> Task inputs:
════
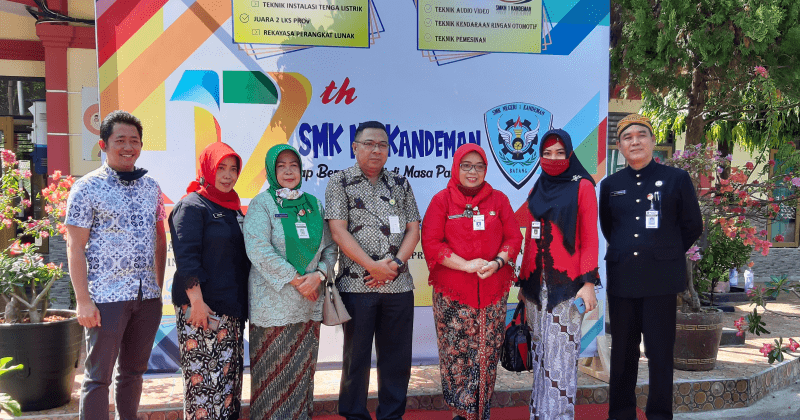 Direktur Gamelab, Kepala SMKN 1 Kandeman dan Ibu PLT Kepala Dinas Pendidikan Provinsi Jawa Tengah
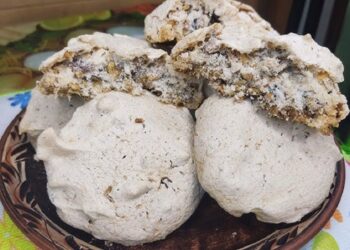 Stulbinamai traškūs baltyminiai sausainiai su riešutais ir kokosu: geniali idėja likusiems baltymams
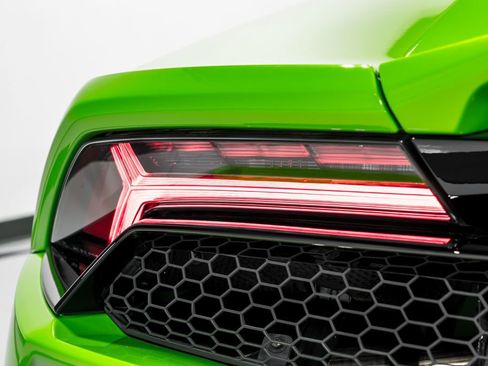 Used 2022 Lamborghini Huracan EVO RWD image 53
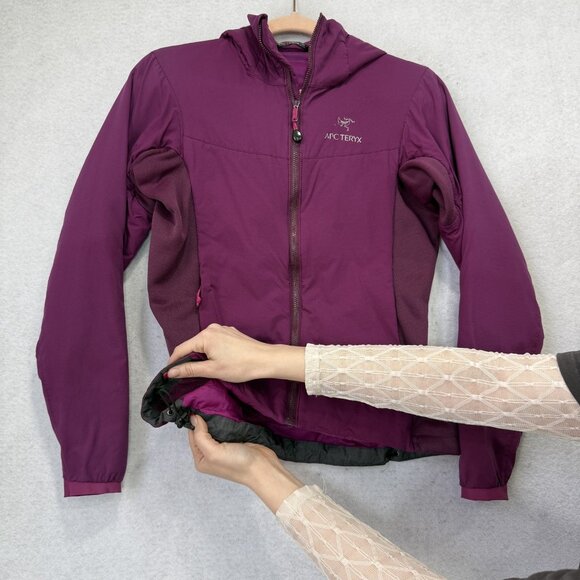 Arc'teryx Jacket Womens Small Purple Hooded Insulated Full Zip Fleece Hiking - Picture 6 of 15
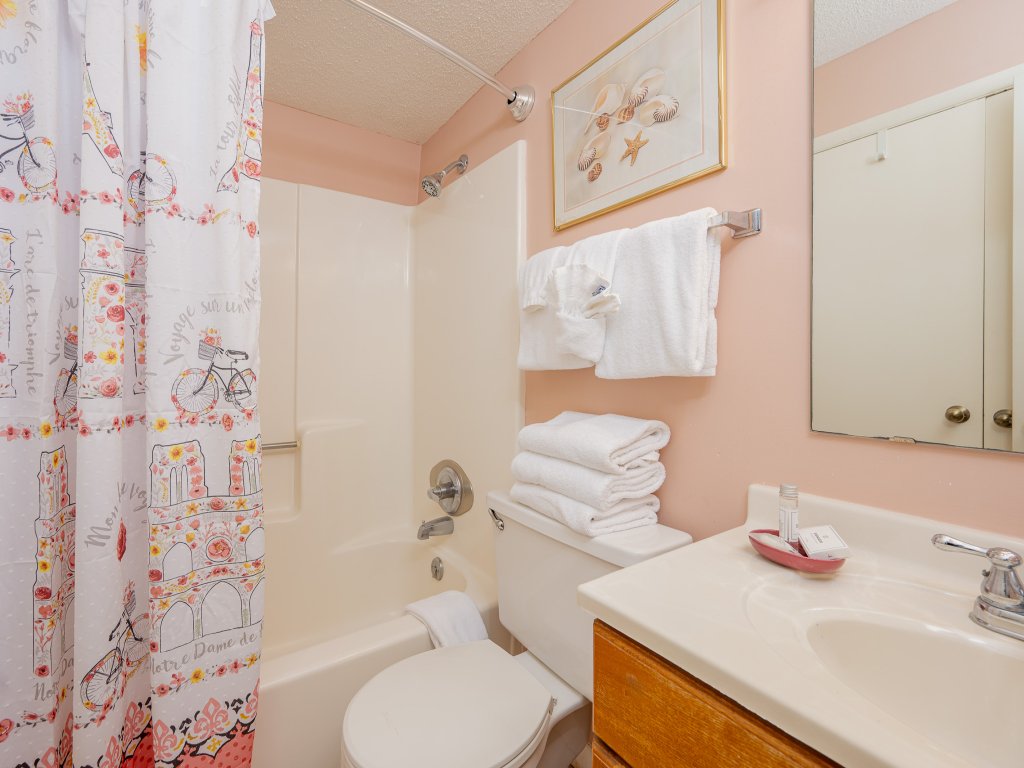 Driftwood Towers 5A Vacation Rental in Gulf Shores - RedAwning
════
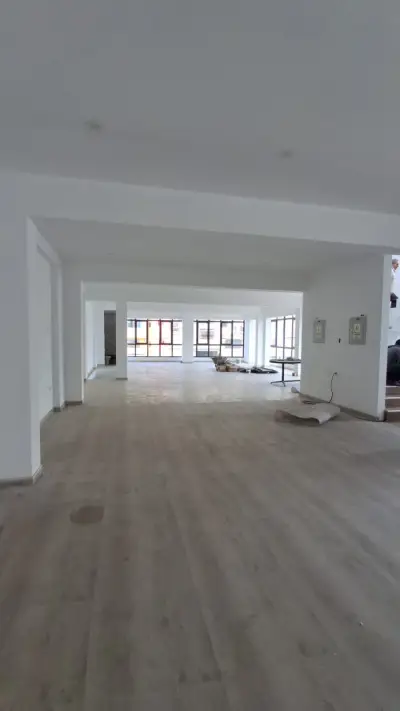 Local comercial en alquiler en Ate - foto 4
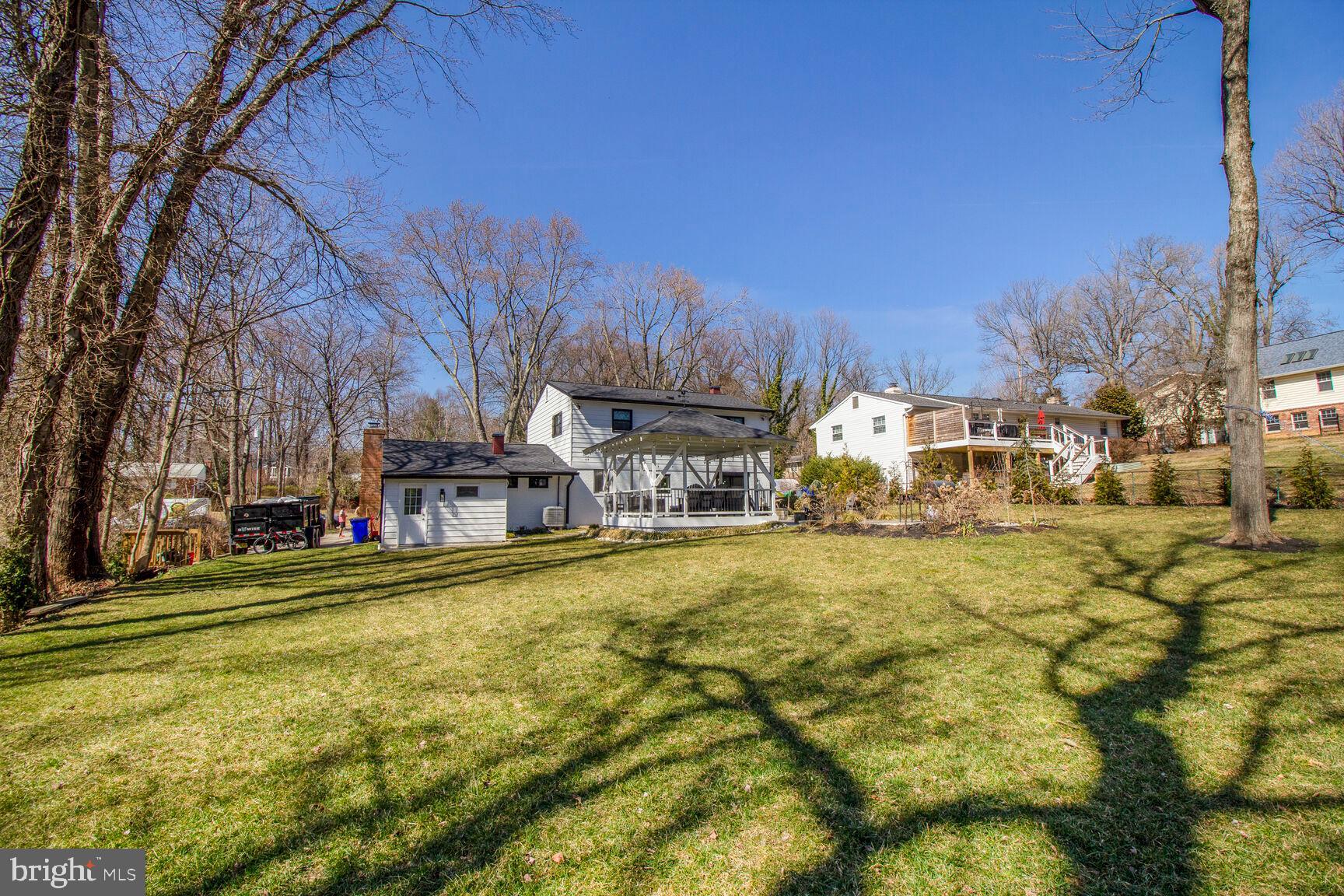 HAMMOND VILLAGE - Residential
════
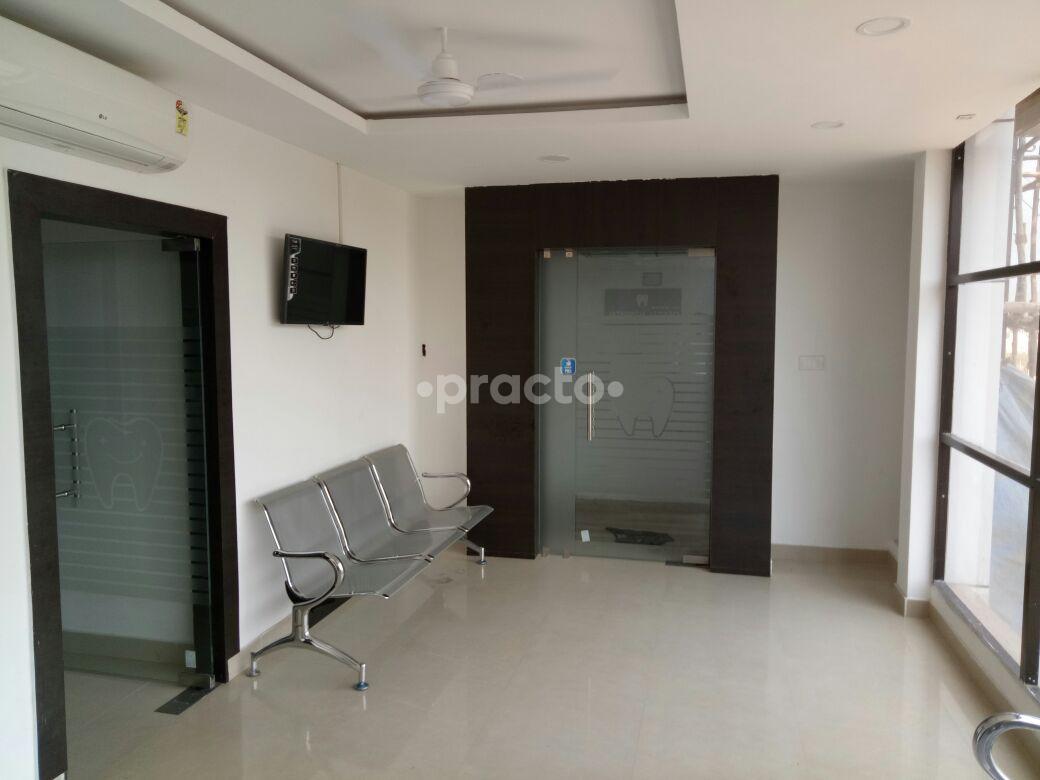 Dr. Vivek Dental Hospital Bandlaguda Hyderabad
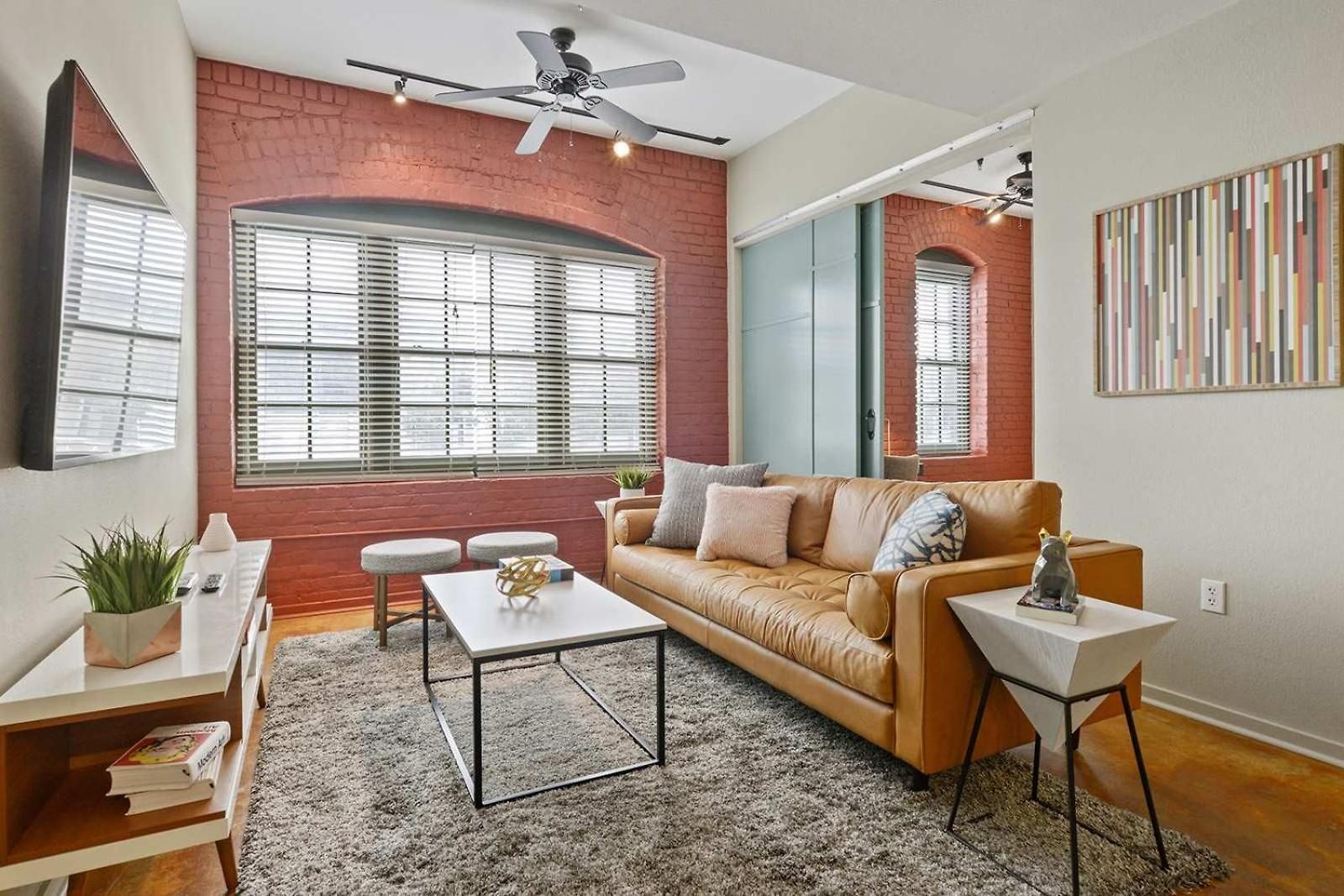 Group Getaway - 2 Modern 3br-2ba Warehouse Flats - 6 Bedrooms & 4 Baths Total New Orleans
════
The stretch to restate runs from the line above containing "Local comercial en alquiler en Ate - foto 4" through the line containing "HAMMOND VILLAGE - Residential". Copy it word for word, ends included, without pictures.

> Output of the task:
 Local comercial en alquiler en Ate - foto 4
 HAMMOND VILLAGE - Residential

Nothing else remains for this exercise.